FACT: An SEC team has never lost to a 16-seed.
— SEC Network (@SECNetwork) March 17, 2018
Above is the SEC Network’s contribution to the first-ever No. 16-seeded upset of a No. 1. Congratulations, SEC Network, on accomplishing a feat that would seem as impossible as a 16-over-1: Making me feel bad for that losing 1 seed.
The end of football season typically offers some reprieve from the chest-thumping that’s become standard from our friends associated with the Southeastern Conference. However, following a classic College Football Playoff championship that featured a pair of SEC teams, and with the conference’s resurgence in basketball during the 2017-18 campaign, the league that gave us Paul Finebaum seems especially chirpy these days.
Take Auburn’s First Round win over College of Charleston on Friday in San Diego. The Colonial Athletic Association champion Cougars gave the SEC co-regular-season titleholders all they could handle for 40 minutes, even leading down the stretch. As Auburn gained control in the final minute, a noisy contingent of Tigers fans could be heard breaking out in the grating “S-E-C!” chants.

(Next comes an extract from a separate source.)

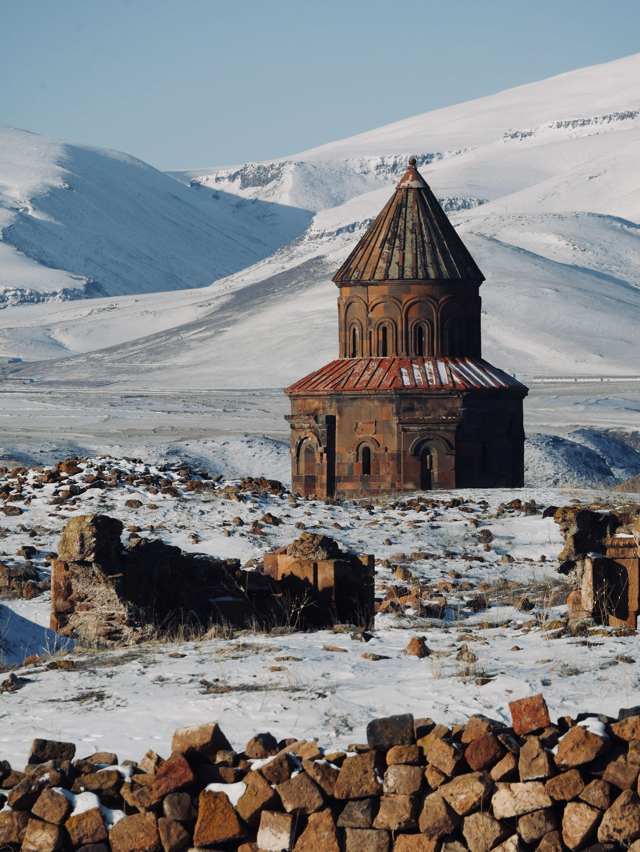 Учение о таинствах Армянской церкви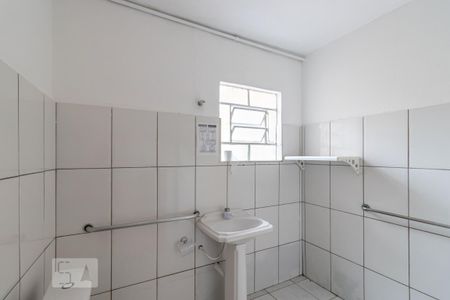 Casa para alugar com 357m², 4 quartos e 4 vagas Casa para alugar com 357m², 4 quartos e 4 vagasBanheiro da Suíte 2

Now, in the case of Texas A&M routing defending national champion and ACC banner-carrier North Carolina, this expression of conference pride is no less annoying but at least understandable. Unleashing the conference chants for a narrow defeat of a mid-major in a 4 vs. 13 matchup, on the other hand?
Maybe Auburn fans caught wind of the CAA being declared “the SEC of FCS” a few years back, when Richmond and Villanova won national championships, book-ended by a pair of Delaware appearances in the title game. But College of Charleston doesn’t field a varsity football team, and only recently moved to the CAA from the SoCon. Perhaps there’s lingering hostility stemming from The Citadel’s defeat of South Carolina a few seasons ago?
Auburn’s win ended with controversy, as Bryce Brown hit Grant Riller’s elbow on a would-be game-tying 3-point attempt.
Should this have been a foul? pic.twitter.com/bx95M4M1O8
— CBS Sports (@CBSSports) March 17, 2018
Officials miss calls, even in late-game situations. The crew working that particular matchup happened to miss two critical calls, sending the wrong Tiger to the free-throw line after Riller’s miss.
But for Bruce Pearl, unsolicited, to declare Brown’s defensive play wasn’t a foul? C’mon. Take the win and move forward.
“Charles, that one was for you!” – Bruce Pearl pic.twitter.com/KKJhuIZMMb
— March Madness TV (@MarchMadnessTV) March 17, 2018
Not just accepting the win seems like the theme of this spring in the SEC. Alabama won its second College Football Playoff championship, and now claims 17 football titles in total. Given the suspect nature of a few of those claims, there might be some understanding, or even empathy, for UCF in it staking a portion of the 2017 national championship.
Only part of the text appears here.